- [Records provided]:
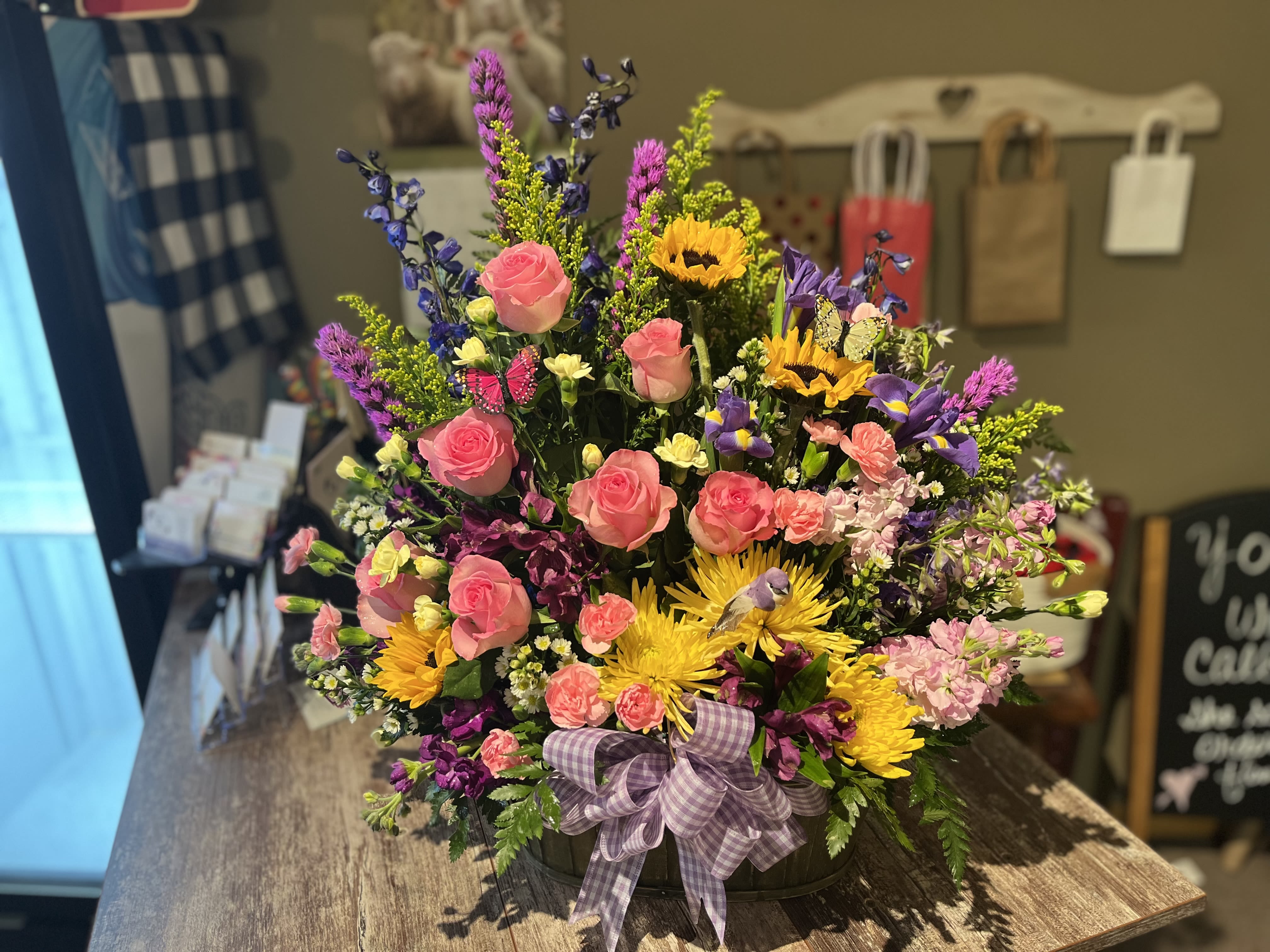 Pippa - Colors and flowers may vary based upon availability.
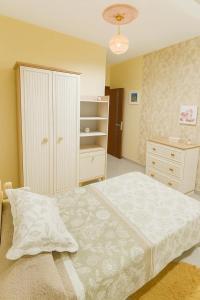 a bedroom with a large bed and a dresser at Appartement sur tanger - pour vacance in Tangier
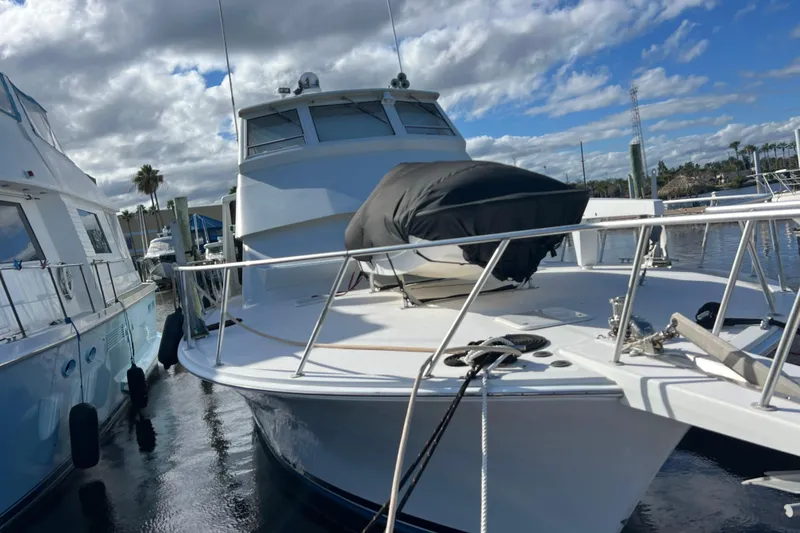 Slide: The Image of 1999 Viking 60 CPMY yacht docked at marina under cloudy sky. - 3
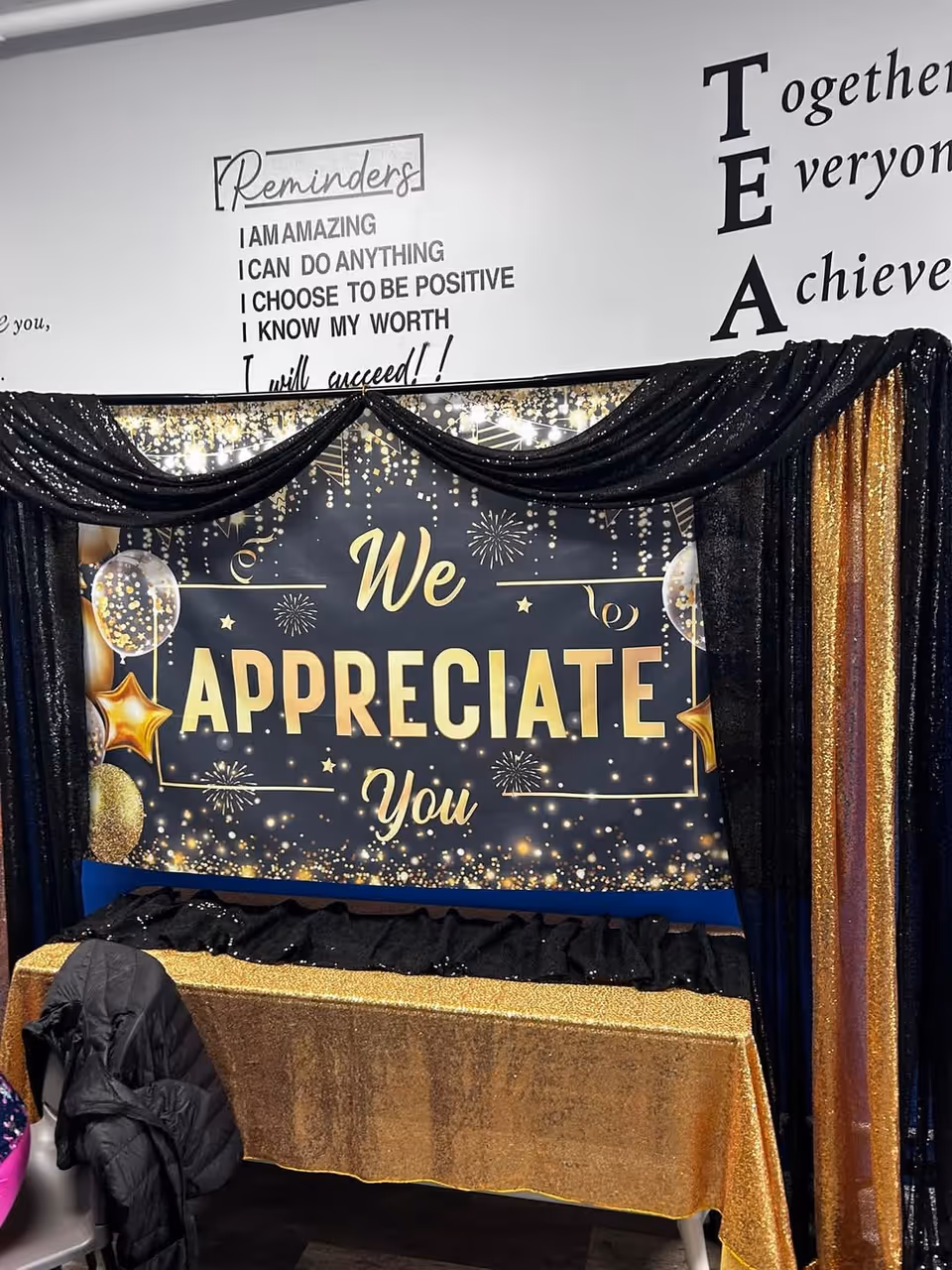Indoor event setup with gold and black We Appreciate You banner and draped backdrop.
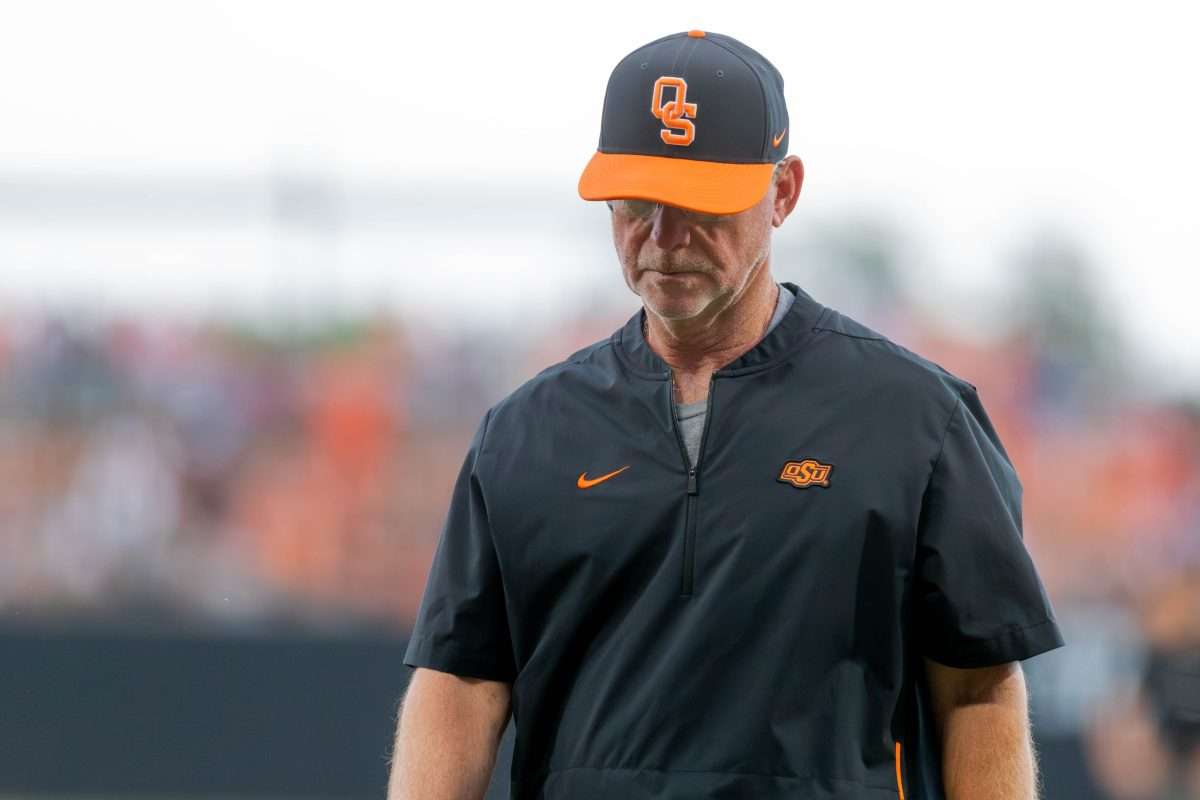 Oklahoma State assistant Coach Rob Walton walks off the field after talking to Oklahoma State utility Nolan McLean (13) during a game in the NCAA Stillwater Regional between the Oklahoma State Cowboys (OSU) and the Oral Roberts Golden Eagles at O'Brate Stadium in Stillwater, Okla., on Friday, June 2, 2023.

- [Exercise requirements]:
Leaving every picture out, repeat each line of the material exactly.

- [Written reply]:
 Pippa - Colors and flowers may vary based upon availability.
 a bedroom with a large bed and a dresser at Appartement sur tanger - pour vacance in Tangier
 Slide: The Image of 1999 Viking 60 CPMY yacht docked at marina under cloudy sky. - 3
Indoor event setup with gold and black We Appreciate You banner and draped backdrop.
 Oklahoma State assistant Coach Rob Walton walks off the field after talking to Oklahoma State utility Nolan McLean (13) during a game in the NCAA Stillwater Regional between the Oklahoma State Cowboys (OSU) and the Oral Roberts Golden Eagles at O'Brate Stadium in Stillwater, Okla., on Friday, June 2, 2023.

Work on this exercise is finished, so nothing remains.